Since he didn’t have a will, Prince didn’t exercise his right to determine who would and would not inherit a share of his estate or which shares the heirs would inherit. Perhaps he wanted his half-siblings to inherit shares equal to those of his full siblings. Maybe he wanted the children or his siblings or half-siblings to inherit along with the rest of his relatives. We’ll never know, because he didn’t have a will.

By not having a will, Prince also didn’t select the executor of his estate. The executor, or administrator, often is the key to determining how the estate is distributed and how much is available to distribute. While important in every estate, the role of executor is more important than usual in Prince’s estate.

Prince died in Minnesota. Under its law when someone dies without appointing an executor, a court will appoint an administrator who is acceptable to a majority of those with an interest in the estate. When a majority of the potential heirs can’t agree on an executor, the court can appoint any suitable person. 

One of Prince’s sibings petitioned a court to appoint the bank Bremer Trust as executor and was able to persuade the others to consent. Bremer Trust was appointed.
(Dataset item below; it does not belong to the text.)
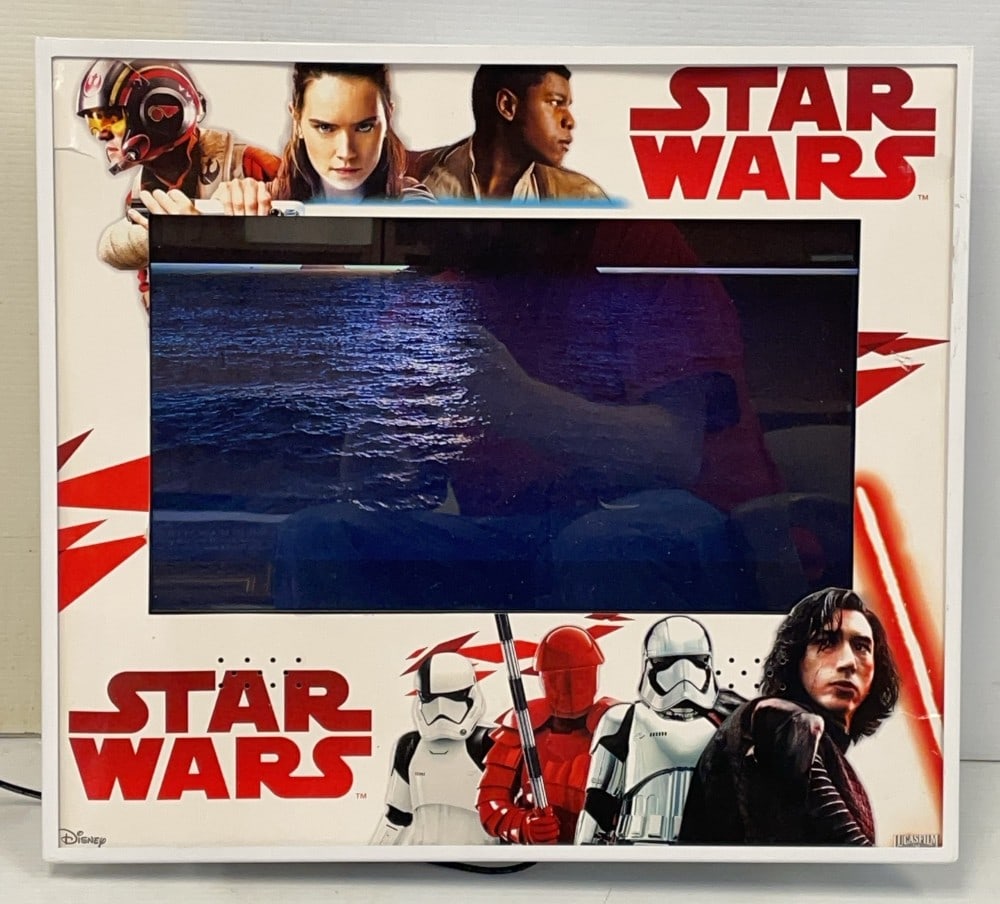 Star Wars Disney Toys R Us Display: Star Wars Disney Toys R Us Display. Display Works and is Programmed with Movie Trailer and Vintage Star Wars Commercial. Display Measures 21? x 19? has small crack on top left.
Of course, this process took a while, because the list of potential heirs was long and there were some individuals claiming some relationship that entitled them to shares.

After a while Bremer Trust resigned, and the court appointed another bank as executor. All that activity caused delays in administering and processing the estate. There probably was lost income and some wasting of assets.

The executor controls many important decisions. The executor selects the various professionals who will help identify the estate’s assets and value them. Of course, the professionals who file the estate tax return and handle any disputes with the IRS are selected by the executor.

The estate now is in a dispute with the IRS over the taxable value of the estate, with the IRS claiming the estate is worth more than twice the amount listed on the estate tax return.

The executor also determines who will manage the various assets of the estate, hopefully with an eye toward maximizing their long-term value.

Prince owned unique assets, many of which are copyrights or other intellectual property. He also had firm ideas on how these assets should and shouldn’t be managed. It’s likely he had ideas about who should participate in managing the assets when he wasn’t able to, but those ideas weren’t available to his executor. 

In this estate, as in many others, the choice of executor determines much of what happens. An executor determines whether there is transparency about the estate and fairness to the heirs. An executor also controls the extent to which the deceased’s wishes and goals are respected or ignored, among many other issues. 

Because Prince died without preparing a will he didn’t have a say in even the basic decision of who should shares in his estate or be his executor. Even in a much less valuable and complicated estate, those decisions are critical. Often, what the deceased would have wanted differs greatly from what happens once the courts take control of an estate because there was no will or an inadequate will.